Vendredi, la Convention citoyenne pour le climat entre « dans le vif du sujet »: ses 150 citoyens vont sélectionner et affiner les propositions qu’ils retiendront lors de leur dernière session, en avril, et qui doivent servir de base à des « décisions fortes » du gouvernement.
Ses membres, tirés au sort, planchent depuis octobre sur des mesures pour lutter contre le réchauffement climatique, avec le mandat de « réduire d’au moins 40% les émissions des gaz à effet de serre d’ici 2030 dans une logique de justice sociale ».
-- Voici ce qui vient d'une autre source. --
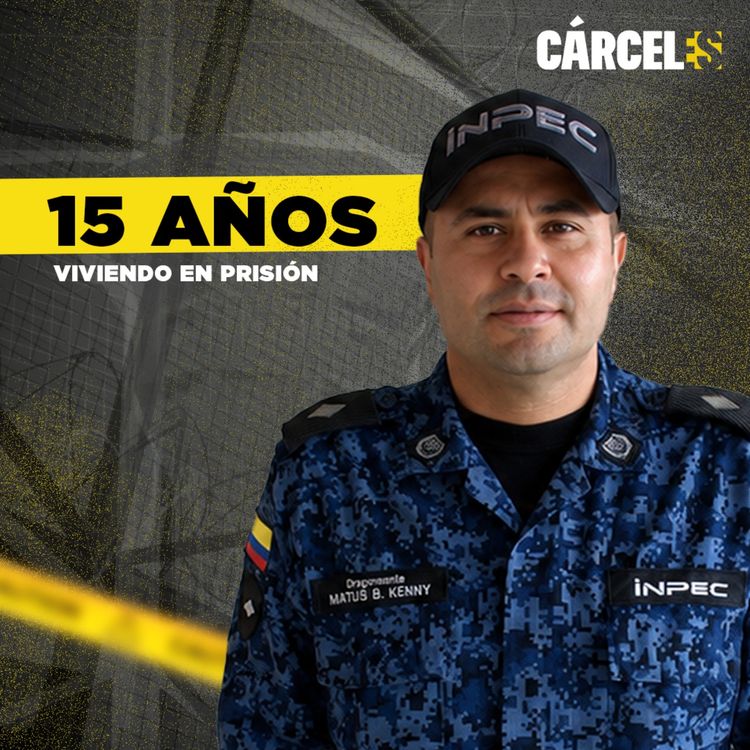 cover art for 15 años viendo el lado más duro de las cárceles en Colombia | Mateus | Cárceles Podcast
Avec cette sixième session, « on entre dans le vif du sujet », explique un des membres, Grégoire Fraty. Lors des précédentes réunions, les 150 Français de tous âges et tous horizons ont planché en petits groupes sur les thématiques « se loger, se nourrir, se déplacer, consommer, travailler/produire ».
Ce week-end et lors de la dernière session en avril, ils travailleront tous ensemble. « On va pouvoir confronter nos idées, présenter nos travaux aux autres groupes, tenir compte de leurs retours », explique ce Normand de 31 ans.
« Cette session sera consacrée à la délibération », complète Julien Blanchet, rapporteur général de la Convention.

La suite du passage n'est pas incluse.